11. T-tests

Johnny van Doorn

University of Amsterdam

2025-09-30

Block 2: Life is Mean

Comparing 2 means (t-test)
Comparing 2 or more means (ANOVA)
Between subjects vs. Within subjects
Adding predictors

In this lecture we aim to:

Introduce the t-test for comparing means
- One mean
- Two means, within subjects
- Two means, between subjects
What numbers can we look at?
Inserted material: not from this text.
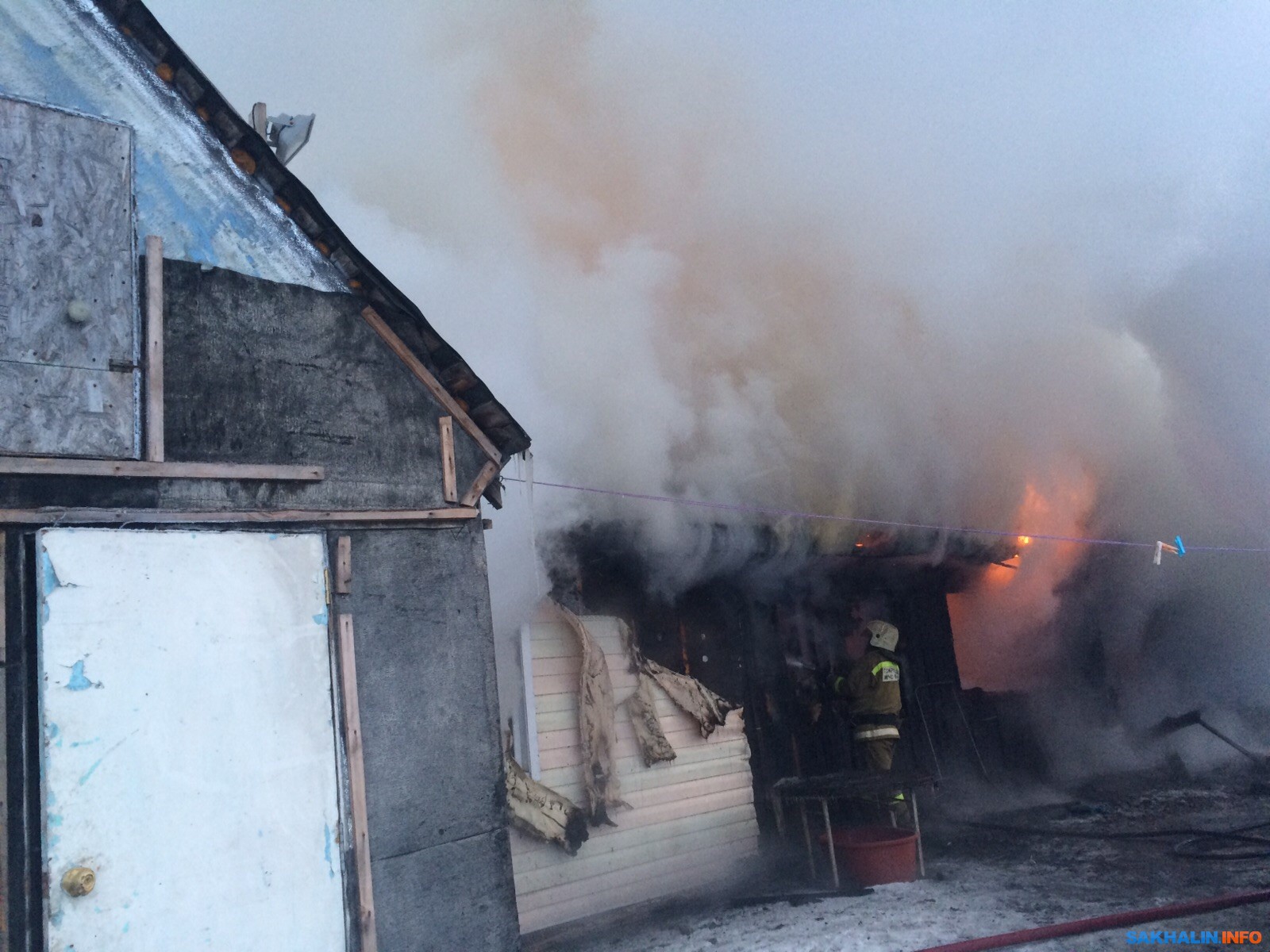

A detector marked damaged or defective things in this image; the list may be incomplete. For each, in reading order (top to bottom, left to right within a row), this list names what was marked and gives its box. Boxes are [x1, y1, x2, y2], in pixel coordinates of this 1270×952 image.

Where do they come from?

Reading: Chapter 9

One-sample t-test

Compare 1 group mean to a hypothesized value

Measuring IQ

Models

\[\text{outcome} = \text{model} + \text{error}\]
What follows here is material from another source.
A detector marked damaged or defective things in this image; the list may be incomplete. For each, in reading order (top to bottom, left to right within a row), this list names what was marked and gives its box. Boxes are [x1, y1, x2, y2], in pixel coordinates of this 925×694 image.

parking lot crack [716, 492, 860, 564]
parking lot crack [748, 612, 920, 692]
\(\mathcal{H}_0: \text{model} = 120\)

\(\mathcal{H}_A: \text{model} = \bar{x}\)

Hypotheses

Null hypothesis

\(H_0: \mu = 120\)

Alternative hypotheses

\(H_A: \mu \neq 120\)
\(H_A: \mu > 120\)
\(H_A: \mu < 120\)

Can you phrase research questions that would lead you to each of these three versions of \(\mathcal{H}_A\)?

Compare sample mean to 120

We use the one-sample t-test to compare the sample mean \(\bar{x}\) to the mean that is hypothesized by \(\mathcal{H}_0\): \(\mu = 120\). Let’s take a look at our sample:

mu     <- 120
n      <- length(IQ.next.to.you)
x      <- IQ.next.to.you
mean_x <- mean(x, na.rm = TRUE)
sd_x   <- sd(x, na.rm = TRUE)
cbind(n, mean_x, sd_x)

      n   mean_x     sd_x
[1,] 96 117.8854 19.73288

Does this mean differ significantly from \(\mathcal{H}_0:\) \(\mu = 120\)?

Assumptions

Normally distributed residuals (i.e., model errors)
Random samples

T-statistic

\[T_{n-1} = \frac{\bar{x}-\mu}{SE_x} = \frac{\bar{x}-\mu}{s_x / \sqrt{n}} = \frac{117.89 - 120 }{19.73 / \sqrt{96}}\]

So the t-statistic represents the deviation of the sample mean \(\bar{x}\) from the population mean \(\mu\), considering the sample size.

tStat <- (mean_x - mu) / (sd_x / sqrt(n)); tStat

[1] -1.049953

Type I error

To determine if this t-value significantly differs from the population mean we have to specify a type I error that we are willing to make.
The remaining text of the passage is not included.